Plus nous élargirons vers l’Est et, de façon générale, plus nous tendrons à former une grande Europe, plus nous accroîtrons son potentiel de dissociation . La France jacobine, qui peine tant à « résoudre » le problème de la Corse, une île peuplée seulement de 260 000 habitants, est particulièrement mal placée face à ce genre de sujets. Les conseils que nous pouvons donner aux Turcs pour les Kurdes ou aux Russes pour les Tchétchènes ne les éclairent sans doute que d’une très faible lueur. Quand le temps sera venu de rédiger effectivement une Constitution européenne, chacun devra faire bénéficier l’ensemble de sa propre expérience.

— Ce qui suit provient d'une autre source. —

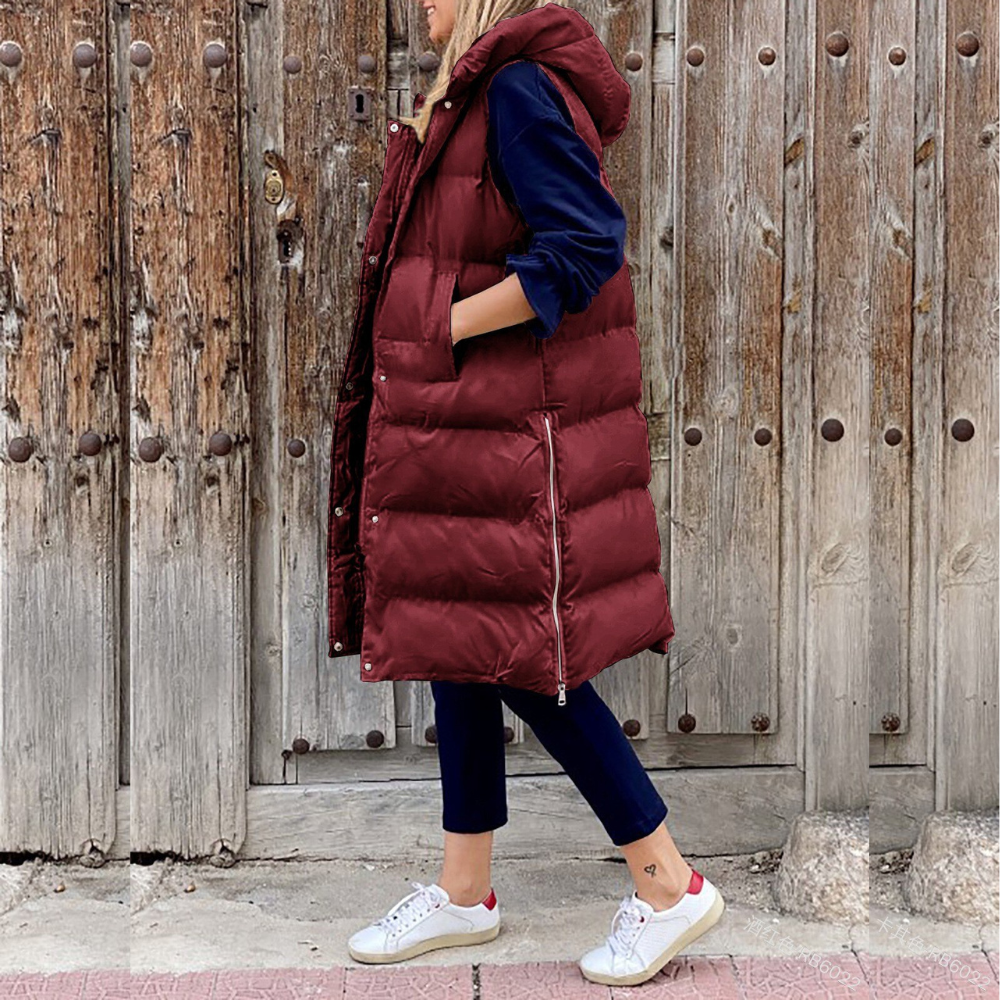 Lang puffervest voor dames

Ainsi, s’agissant des minorités, peut-être l’Autriche aura-t-elle à apprendre aux autres.
La diversité, richesse de l’Europe, doit être préservée, mais elle doit aussi être maîtrisée pour ne pas devenir un obstacle à la naissance de cette véritable « communauté » européenne que nous appelons de nos vœux.

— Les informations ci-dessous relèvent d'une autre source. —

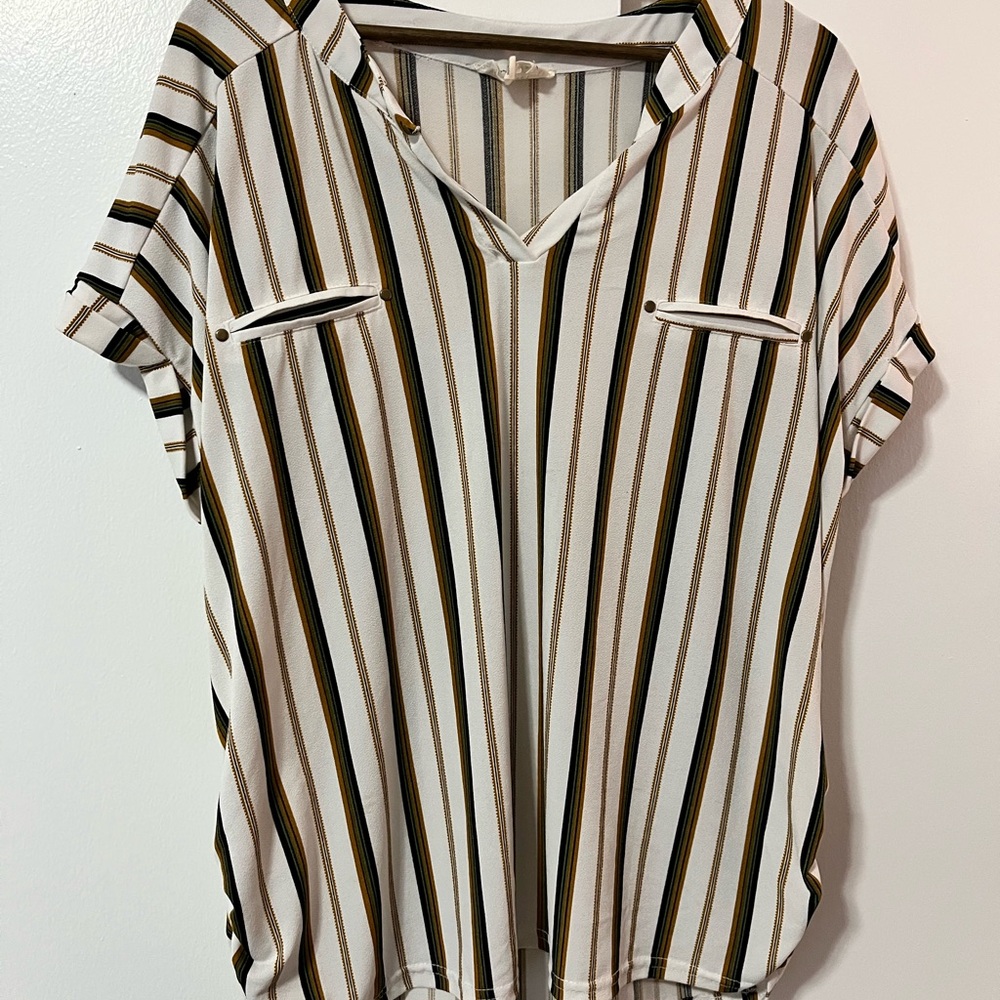Elegant Striped Button Down Shirt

Pour relever avec succès tous ces défis, il faut à l’Europe un moteur. Par son histoire exemplaire, le couple que constituent la France et l’Allemagne, ennemies d’hier, reste le plus apte à donner un second souffle à l’Union. Ces deux nations, avec leurs différences et, précisément, à cause d’elles, peuvent ensemble mais sans exclusive donner les impulsions décisives à une véritable synthèse européenne qui ne soit pas synonyme d’appauvrissement.

De fait, alors que nous sommes embarqués dans une aventure qui devrait enthousiasmer nos peuples, les débats sur les questions européennes sont généralement entourés d’un sentiment de lassitude, et l’on voit bien en France que les plus beaux parleurs sont du côté des « souverainistes ». L’Europe manque de hérauts, de prophètes. Ce n’est pas parce que les citoyens européens voyagent facilement dans le cadre des accords de Schengen et maintenant plus encore qu’ils disposent d’euros en billets – toutes choses considérées à tort comme allant de soi – qu’ils ont le sentiment d’appartenir à une véritable communauté. Il suffit de constater l’ignorance abyssale, chez chacun de nos peuples, de l’histoire des autres. La légitimité de la construction européenne exige d’abord une clarification des procédures de décision, de façon à ce que chacun puisse comprendre qui décide quoi et comment, et en vertu de quel mandat.
La première priorité est donc la rédaction d’une Constitution. Elle doit se faire parallèlement à un élargissement rapide – deuxième priorité –, aboutissant, avec des périodes de transition appropriées, à une Europe à vingt-sept.
Troisième priorité : la réactivation du moteur franco-allemand. Lui seul permettra de mener à bien l’intégration européenne en limitant les risques d’implosion ou de dilution. En faisant leurs ces trois priorités, les responsables politiques de notre pays pourront faire de l’Europe l’avenir de la France.